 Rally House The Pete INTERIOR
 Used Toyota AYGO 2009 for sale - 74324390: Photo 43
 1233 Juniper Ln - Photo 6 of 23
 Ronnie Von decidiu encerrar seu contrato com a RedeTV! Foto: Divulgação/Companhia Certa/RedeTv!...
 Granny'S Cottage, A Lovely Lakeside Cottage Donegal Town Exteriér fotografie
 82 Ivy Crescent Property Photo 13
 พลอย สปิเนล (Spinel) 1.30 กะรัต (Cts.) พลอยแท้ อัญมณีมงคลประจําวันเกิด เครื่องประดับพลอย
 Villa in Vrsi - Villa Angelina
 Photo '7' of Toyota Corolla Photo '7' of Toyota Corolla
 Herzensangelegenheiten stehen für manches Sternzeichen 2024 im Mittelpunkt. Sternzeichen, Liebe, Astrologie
● ● ● ● ●
Work task
Wherever the line holding "1233 Juniper Ln - Photo 6 of 23" falls in the entries above, copy exactly from it through the line holding "Photo '7' of Toyota Corolla Photo", inclusive, and add nothing.

Answer to this exercise
 1233 Juniper Ln - Photo 6 of 23
 Ronnie Von decidiu encerrar seu contrato com a RedeTV! Foto: Divulgação/Companhia Certa/RedeTv!...
 Granny'S Cottage, A Lovely Lakeside Cottage Donegal Town Exteriér fotografie
 82 Ivy Crescent Property Photo 13
 พลอย สปิเนล (Spinel) 1.30 กะรัต (Cts.) พลอยแท้ อัญมณีมงคลประจําวันเกิด เครื่องประดับพลอย
 Villa in Vrsi - Villa Angelina
 Photo '7' of Toyota Corolla Photo '7' of Toyota Corolla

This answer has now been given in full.